My Project
The project that I have been working on this year is a Top-N Genre Classification Neural Network. This neural network allows users to use a CLI app to detect the genres of user-provided audio files. The way that it classifies them is by generating a list of genres each with a numeric “confidence value”. These values describe how confident the model is that the genre matches the given audio clip.
This project is split into two main portions: neural network development and training, and the input preprocessing. Input preprocessing was my task which meant that I had to figure out how to convert the audio files into a format that the model could read. This is important for converting the user’s audio files and also for building the dataset that would train the model.
Why I chose it
The reason I decided to join this project is because of my passion for music and my knowledge of music theory. I have always wanted to combine my interest in computer science with my interest in music and this was the perfect opportunity to learn more. I once wrote a ‘Formal Proposal’ for a course of a project practically identical to the one we are working on now.

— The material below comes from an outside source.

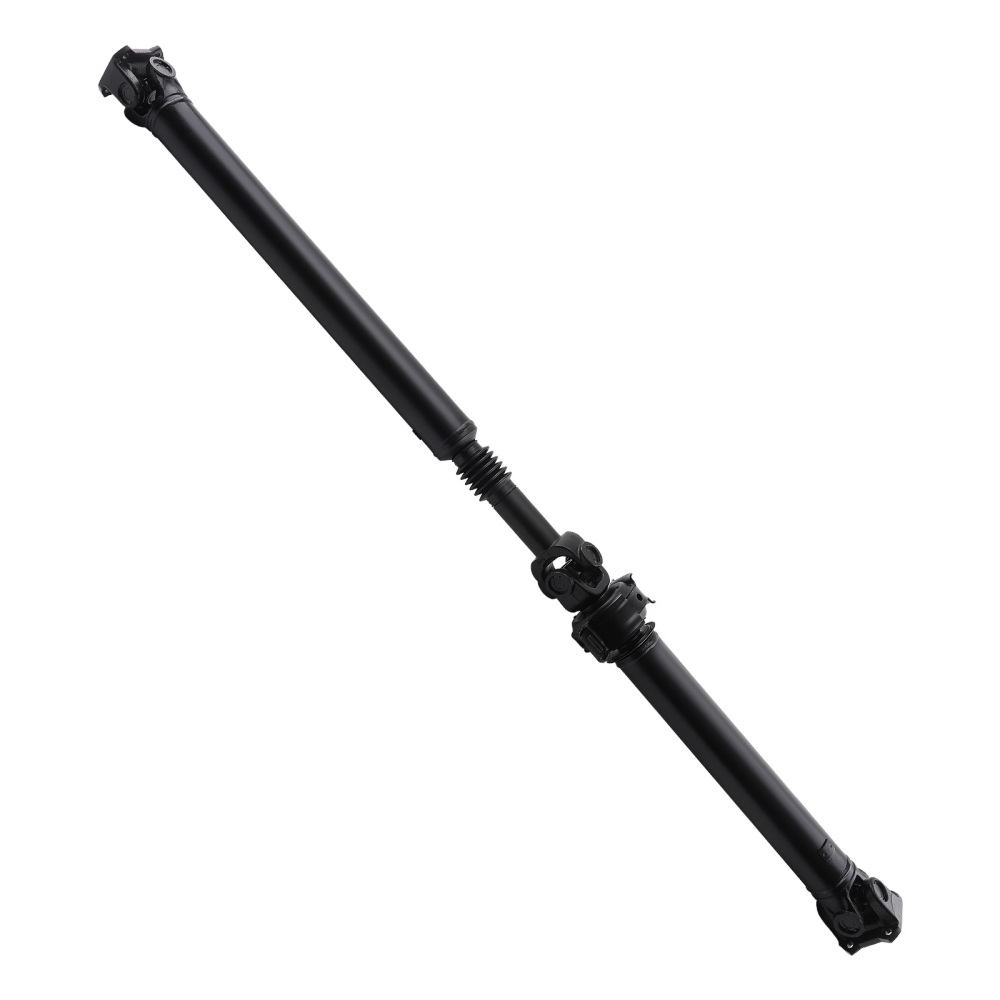 Rear Driveshaft Prop Shaft compatible for Toyota Tacoma 2016-2018 V6 3.5L 4WD Auto Trans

I also believed that I could provide a lot of insight into the musical aspects of the project. I have a lot of experience with playing music and studying theory. This made it easier to decide things like what genres to use and how to avoid biases when it comes to something so subjective. It also helped us decide whether to store data as spectrograms or mel-spectrograms.
What have I learned
One of the biggest things that I have learned much more about is how computers interact with audio. I had never thought much about it before and it was very interesting to see how we can measure sound with computers. At first, we started with mel-spectrogram jpg images, a visual representation of audio as a graph of colors. This worked for a while but we eventually moved on to MFCCs which are the values of the spectrogram represented as a two dimensional array of numbers. Seeing these representations of audio was very new to me and working with them really helped me to understand how they are calculated.
I also unintentionally gained some knowledge on machine learning and how I can build my own in Python. I found out about the Tensorflow library and some standard procedures of how to build an accurate dataset to train a machine learning model. I also learned about the librosa library and how it can be used to process audio data in Python. All of this work has really grown my interest in AI and helped me get a better idea of what fields I would enjoy going into as I move forward with my career.